Cela se décida vers midi, juste le temps d’échanger qq mots avec le camarade
qui déclarait forfait après 2jours et demi…
Cette classe, nous la « connaissions »… enfin… par stage
avec le Maître dit « d’application » dont les méthodes à l’ancienne faisaient trembler les garçons.
Il était courant, avant d’entrer, que l’inspection des cartables donne déjà lieu à des calottes…
La liste des punitions, fort longue, avait pour soutien
des pages toutes découpées juste à la bonne dimension.
Nous n’en gardions, ni l’un ni l’autre, aucun mauvais souvenir…
Pourtant, il « n’en pouvait plus »…
Légèrement en retard, vu l’éloignement de l’Ecole Normale,
je trouvai trente-quatre garçons déjà assis dans la classe,
qui hurlèrent en me voyant « dehors! » en tapant sur les tables.
Quand le calme fut un peu tombé, je constatai, impuissant,
qu’ils déchiraient leurs cahiers pour me les jeter en boulettes.
Dès que j’essayais de parler, ils répétaient mes paroles en chœur…
Ce fut une atroce journée.
Je n’osai même pas sortir dans la cour.
Au soir, je me mis sur l’entrée, et je demandai à Breyton
(le terrible face au maître mais aujourd’hui le moins pire)
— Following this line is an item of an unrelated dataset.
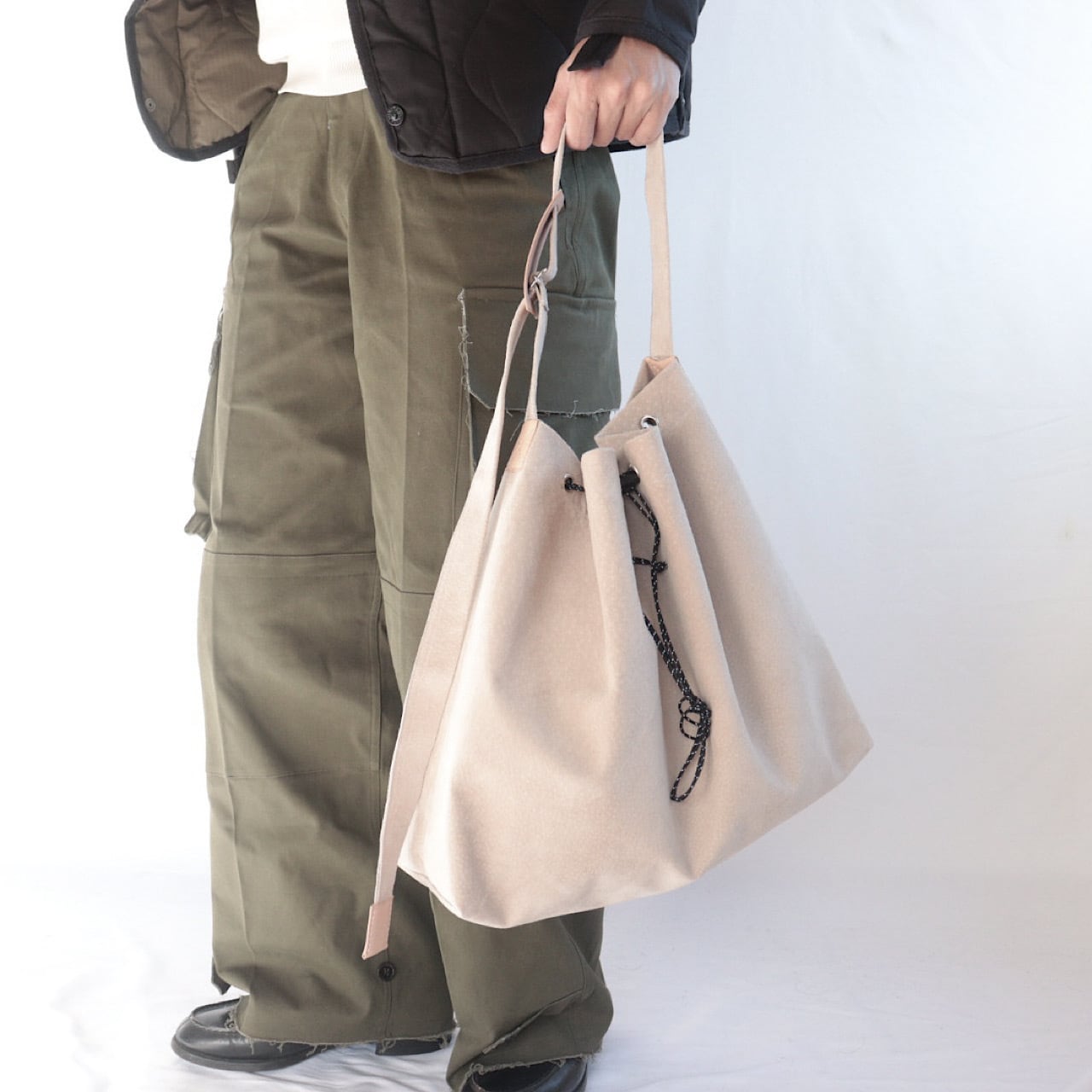wrap bag                                                          wrap bag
d’aller chercher des poubelles. Personne ne sortit tant qu’il resta une boulette.
Les parents vinrent chercher leur progéniture. Un seul père me désavoua.
Le vendredi je retrouvai la classe prête à travailler: les parents avaient joué leur rôle.
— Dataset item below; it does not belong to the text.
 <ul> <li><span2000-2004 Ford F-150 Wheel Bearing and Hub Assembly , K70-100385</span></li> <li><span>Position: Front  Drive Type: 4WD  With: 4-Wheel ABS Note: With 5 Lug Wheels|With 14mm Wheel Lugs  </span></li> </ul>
Un seul enfant fut insupportable.
De ce cauchemar qui a marqué toute ma vie les changements de classe,
j’ai tiré la leçon: « Ne pas imaginer que les débordements du premier contact
sont faits pour vous agresser: ils sont simplement le défoulement
des frustrations ressenties avec le maître titulaire.
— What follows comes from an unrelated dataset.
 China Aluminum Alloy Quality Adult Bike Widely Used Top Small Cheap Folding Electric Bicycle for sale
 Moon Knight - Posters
Quant aux réactions des parents, elles sont dictées par de vieux réflexes, ou de rancunes parfois ».
Je tiens à raconter cette histoire suite à la polémique concernant une instit
propulsée pour la première fois dans une classe,
qui aurait « frappé et humilié un enfant de huit ans »…
Je garderai pour moi le jugement que je porte sur la collègue chevronnée,
qui, au lieu d’intervenir pour éviter la bêtise, a préféré faire des clichés de la situation.